If the add/sub is not single use, it will need to be materialized
later, in which case using the BMI instruction is a de-optimization in
terms of code-size and throughput.
i.e:
// Good leal -1(%rdi), %eax andl %eax, %eax xorl %eax, %esi ...
// Unecessary BMI (lower throughput, larger code size) leal -1(%rdi), %eax blsr %edi, %eax xorl %eax, %esi ...
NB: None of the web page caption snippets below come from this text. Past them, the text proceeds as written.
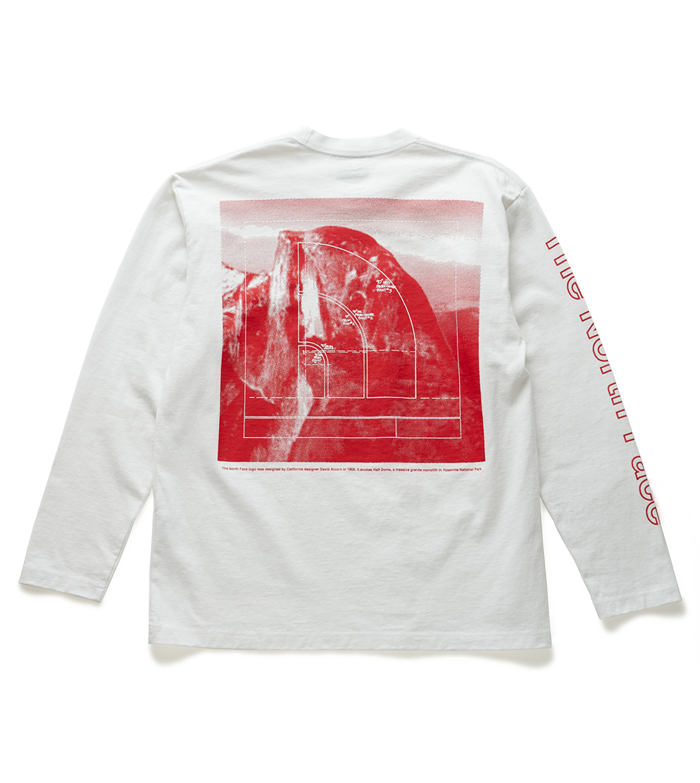 L/S Sleeve Graphic Tee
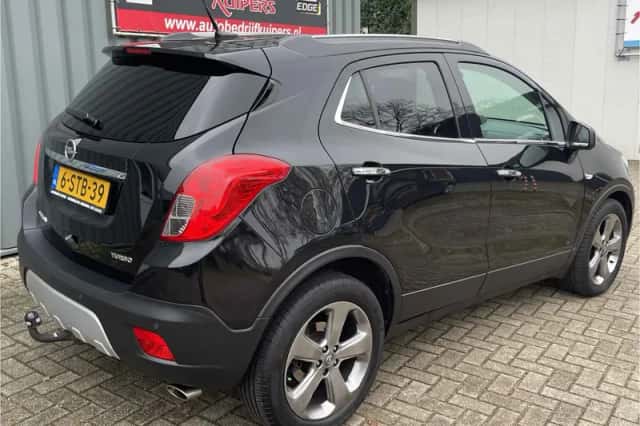 Opel Mokka (2013) thumbnail 6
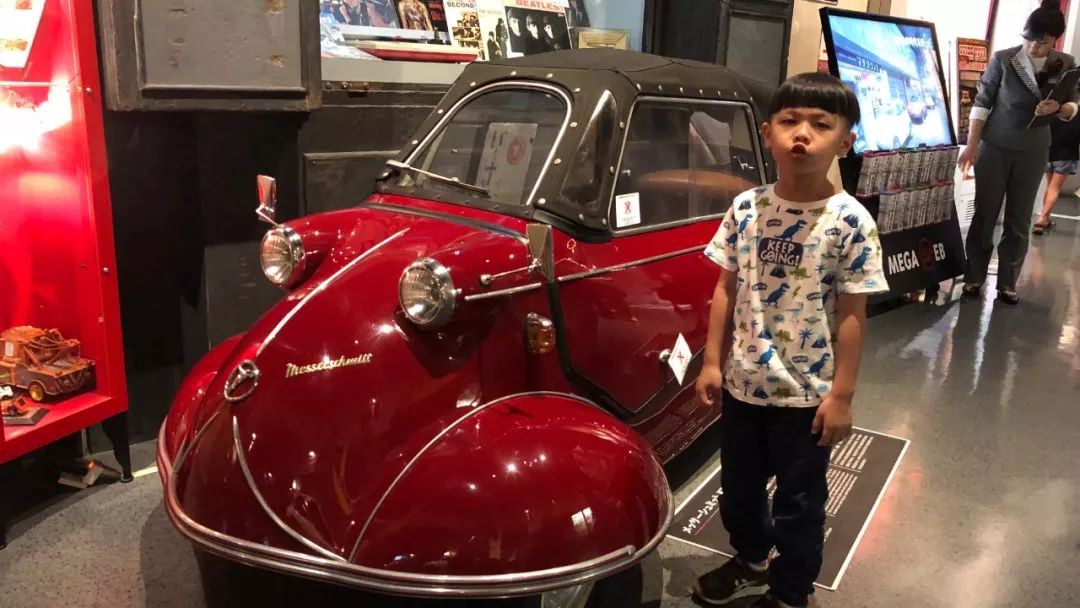 丰田花数亿造乐园!免费玩!还帮帮竞争对手宣传!图什么?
Note, this may cause more mov instructions to be emitted sometimes
because BMI instructions only have 1 src and write-only to dst. A
better approach may be to only avoid BMI for (and/xor X, (add/sub
0/-1, X)) if this is the last use of X but NOT the last use of
(add/sub 0/-1, X).
Maybe we should have
`class binop_oneuse<SDPatternOperator operator> : PatFrag<(ops node:$A, node:$B), (operator node:$A, node:$B), [{ return N->hasOneUse(); }]>;` def add_su : binop_oneuse<add>; def and_su : binop_oneuse<and>; def srl_su : binop_oneuse<srl>; class unop_oneuse<SDPatternOperator operator> : PatFrag<(ops node:$A), (operator node:$A), [{ return N->hasOneUse(); }]>; def ineg_su : unop_oneuse<ineg>; def trunc_su : unop_oneuse<trunc>;